Title: Scalable, Behavior-Based Malware Clustering
Authors:
  • Ulrich Bayer, TUV
  • Paolo Milani Comparetti, TUV
  • Clemens Hlauschek, TUV
  • Christopher Kruegel, UCSB
  • Engin Kirda, Eurecom

Anti-malware companies receive thousands of malware samples every day. To process this large quantity, a number of automated analysis tools were developed. These tools execute a malicious program in a controlled environment and produce reports that summarize the program's actions. Of course, the problem of analyzing the reports still remains. Recently, researchers have started to explore automated clustering techniques that help to identify samples that exhibit similar behavior. This allows an analyst to discard reports of samples that have been seen before, while focusing on novel, interesting threats. Unfortunately, previous techniques do not scale well and frequently fail to generalize the observed activity well enough to recognize related malware.
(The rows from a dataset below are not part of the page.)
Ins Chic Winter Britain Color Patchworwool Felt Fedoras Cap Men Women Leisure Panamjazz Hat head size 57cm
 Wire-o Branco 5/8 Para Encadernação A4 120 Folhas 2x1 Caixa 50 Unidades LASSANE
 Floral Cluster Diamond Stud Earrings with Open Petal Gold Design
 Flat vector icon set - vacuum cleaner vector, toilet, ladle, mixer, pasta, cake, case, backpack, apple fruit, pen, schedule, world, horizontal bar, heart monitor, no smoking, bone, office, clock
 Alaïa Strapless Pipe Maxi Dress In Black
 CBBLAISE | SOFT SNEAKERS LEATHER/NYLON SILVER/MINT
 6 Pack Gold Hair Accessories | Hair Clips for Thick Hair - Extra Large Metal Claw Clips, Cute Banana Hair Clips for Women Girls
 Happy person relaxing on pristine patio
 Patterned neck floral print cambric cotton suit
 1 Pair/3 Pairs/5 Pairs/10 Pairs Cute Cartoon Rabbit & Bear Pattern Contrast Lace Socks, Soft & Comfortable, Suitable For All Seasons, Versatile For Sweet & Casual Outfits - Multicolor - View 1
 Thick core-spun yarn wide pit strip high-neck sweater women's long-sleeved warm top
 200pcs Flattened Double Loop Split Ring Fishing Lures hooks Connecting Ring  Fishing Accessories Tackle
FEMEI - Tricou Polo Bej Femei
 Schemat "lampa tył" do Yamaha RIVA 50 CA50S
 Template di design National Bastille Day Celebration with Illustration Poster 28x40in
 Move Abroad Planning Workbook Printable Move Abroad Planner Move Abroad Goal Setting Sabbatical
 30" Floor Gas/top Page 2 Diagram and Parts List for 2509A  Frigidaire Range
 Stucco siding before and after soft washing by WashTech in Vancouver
In this paper, we propose a scalable clustering approach to identify and group malware samples that exhibit similar behavior. For this, we first perform dynamic analysis to obtain the execution traces of malware programs. These execution traces are then generalized into behavioral profiles, which characterize the activity of a program in more abstract terms. The profiles serve as input to an efficient clustering algorithm that allows us to handle sample sets that are an order of magnitude larger than previous approaches. We have applied our system to real-world malware collections. The results demonstrate that our technique is able to recognize and group malware programs that behave similarly, achieving a better precision than previous approaches. To underline the scalability of the system, we clustered a set of more than 75 thousand samples in less than three hours.